# Moab Daily in a ducky



## earthNRG (Oct 24, 2003)

Everything is possible.


----------



## Gremlin (Jun 24, 2010)

We've done it at 30,000 with rafts supporting duckies. No problems except for an IK2 getting right of the wavetrain at Ida Gulch (Rocky Rapid) and spinning in an eddy along the cliff. Took two tries to get back into the current without flipping. Disconcerting because the second paddler was young and could have been recirculated without anybody being able to get upsteam to help. 

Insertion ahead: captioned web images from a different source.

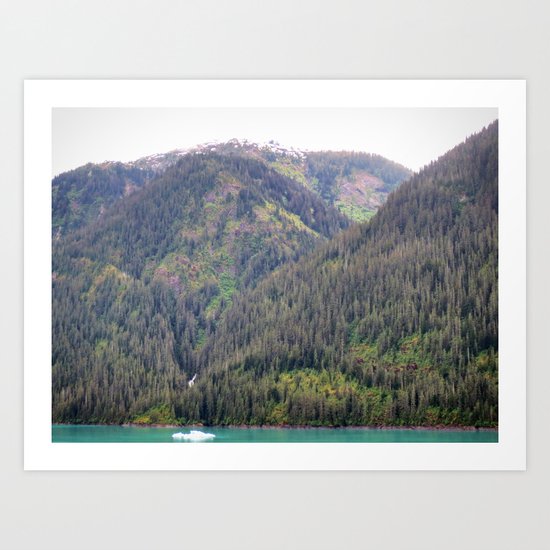 Forest and Mountains Art Print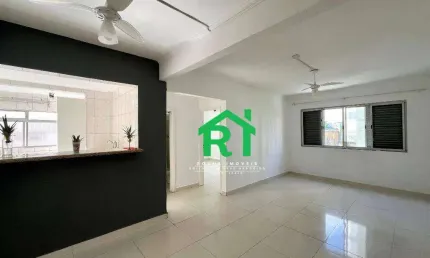 Apartamento com 2 dormitórios (1 suíte), 1 vaga, jardim astúrias, guarujá/sp
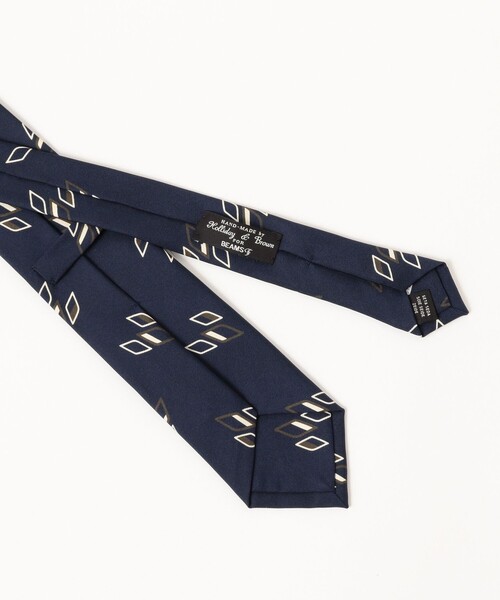 BEAMS F（ビームスF） ネクタイ Holliday ＆ Brown / シルク ダイヤ柄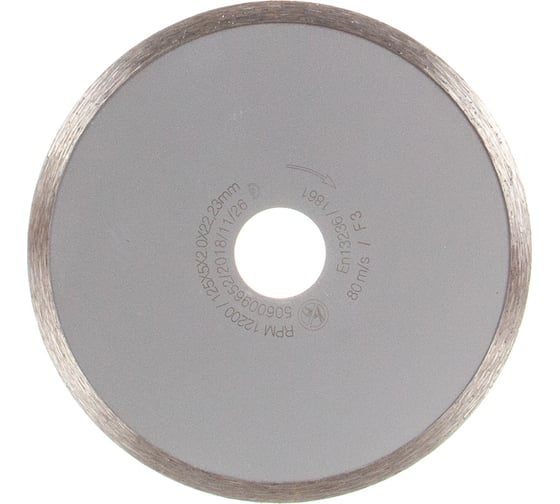Диск алмазный по плитке F3 Perfect GRF (125х1.9х22.23 мм) DRONCO 4123510100 1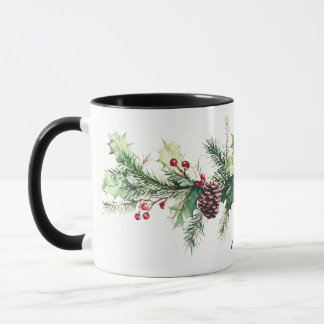 Taza Baya de Pino de Invierno Nombre Personalizado Fies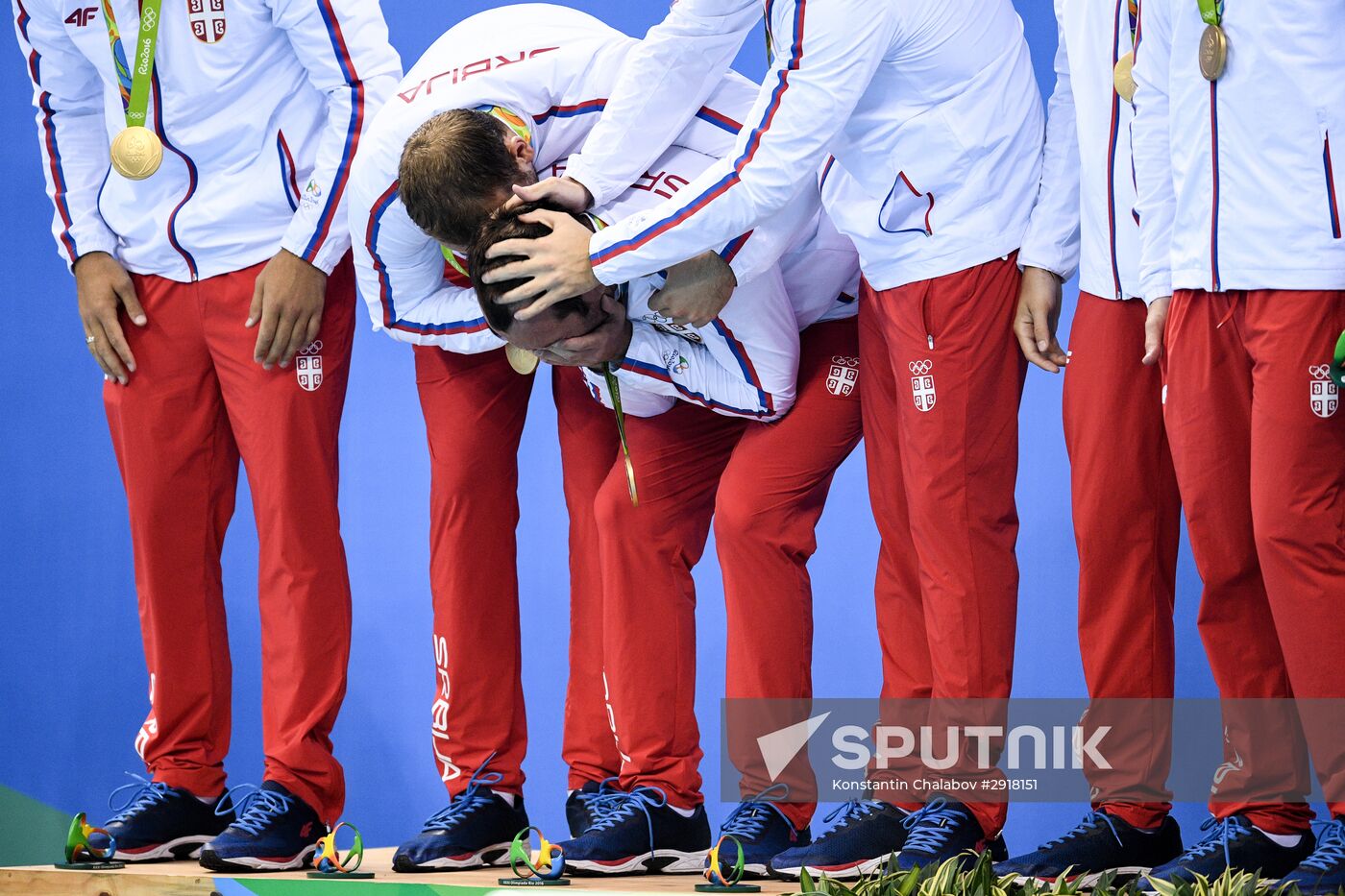 2016 Summer Olympics. Water polo. Men. Finals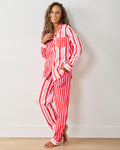 Taffy Stripes - Tall Long PJ Set - Peppermint Swirl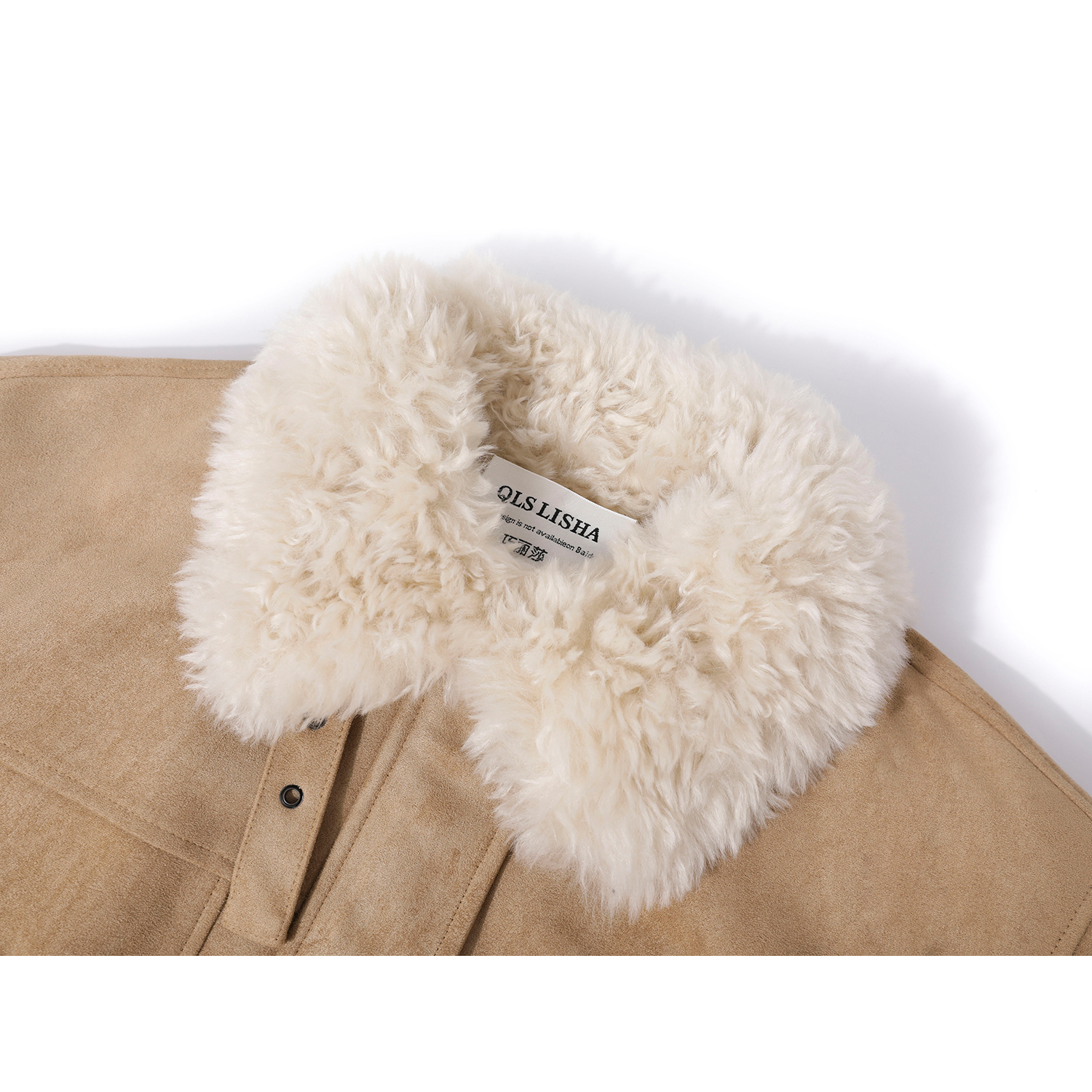 Cholisa-nın Koreya üslubunda və yun astarlı məşhur qadın qış paltosu/gödəkçəsi.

Dress for colder water than usual as it will be splashy, but definitely fun!


----------



## Pcdc2 (Jan 24, 2011)

We were down there last week. Had a raft with 2 IKs and a hardshell. Was no problem. Lots of stuff washed out, couple good hits if you want them, you can skirt almost everything. Good times, easy run. You'll have no problems, just dress to swim.


----------



## hojo (Jun 26, 2008)

chasingtheflow said:


> Is it possible to run the Moab Daily right now with the current water levels? Does anyone have any experience running it with waters this high?


Hell yes! Ran IK on that ever summer and high water was the bomb. Just keep a hold if you flip because at high water and any breeze that thing can get away from you in a hurry.


----------